Biden called this year's observance "the first that our nation will celebrate all together, as one nation," a hopeful assessment given the circumstances. Getting Juneteenth to be a federally recognized day of observance is a hard-won accomplishment and the result of decades of work by community organizers around the country, including 94-year-old Opal Lee, the grandmother who walked from her home in Fort Worth, Texas, to Washington D.C. to rally attention to the cause. Lots of people who already celebrate Juneteenth are right to be thrilled.
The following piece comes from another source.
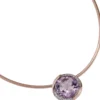 Anhänger Amethyst lila & 16 Diamanten 0.08Ct Brillanten 585 Gold Rotgold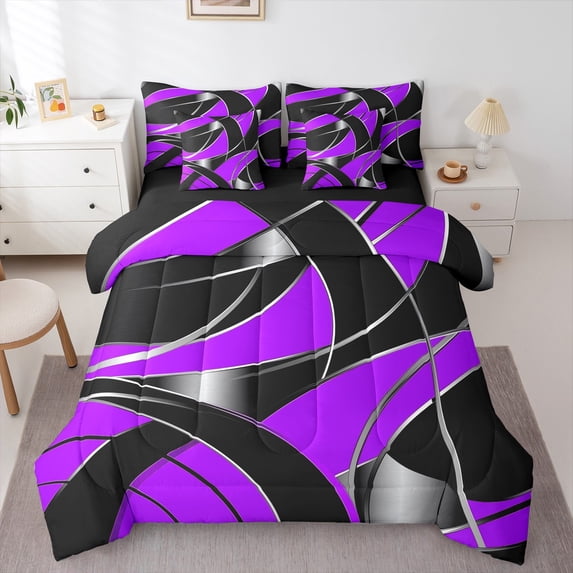 Homewish Purple Stripes Lines Twin Bedding Sets 7-Piece for Female Men Adults,Vintage Aesthetic Bedding Comforter Set Microfiber,Geometric Theme Breathable Sheet Sets,Luxury Bedroom Decor,Reversible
This is the first new federally recognized holiday since Congress approved Martin Luther King Jr. Day in 1983. It's a huge deal. But let's not forget that the 2021 version of that holiday was turned into an opportunity for insurrection deniers to cite lines from King's "I Have a Dream" speech in their various insistences that we all move on. Plenty of us observe MLK Day by reconnecting with Dr. King's mission by way of studying his writing and his life's history as it actually was as opposed to the version of postcards. Lots of others view it as a fine day to take advantage of a white sale.
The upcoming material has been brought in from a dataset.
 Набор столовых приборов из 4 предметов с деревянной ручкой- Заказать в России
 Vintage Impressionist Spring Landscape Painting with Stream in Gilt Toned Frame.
So it's likely to go with Juneteenth, also known as Emancipation Day. It commemorates the day in 1865 that enslaved people in Galveston, Texas learned they were free, two and a half years after Abraham Lincoln issued the Emancipation Proclamation. Now that it's a national holiday, the folks most likely to get a day off are, and will be, white collar and middle class office workers, a workforce segment of which Black people comprise a minority.
Provided you've kept up with the dialogue about Juneteenth on TV, you might be baffled as to why this whole business is being met with a lot of side-eye. Given the enthusiastic campaign for the holiday on "Black-ish" in 2017 and the various news reports and documentaries citing its significance before and afterward, shouldn't we all be ecstatic?
But with all due respect to series creator Kenya Barris, his "Juneteenth" episode is an ideal. Anthony Anderson's Dre pontificates about the sheer disrespect of Columbus Day's observance while Juneteenth, which celebrates actual emancipation as opposed to a mythical interpretation of a historical figure's accomplishment, remained unofficial. The foppish white guys he works for and with listen intently, make a few clueless responses. Life goes on with them continuing to not give a crap, while Dre and Bow's family enact their own celebration, clinking strawberry soda bottles next to the grill.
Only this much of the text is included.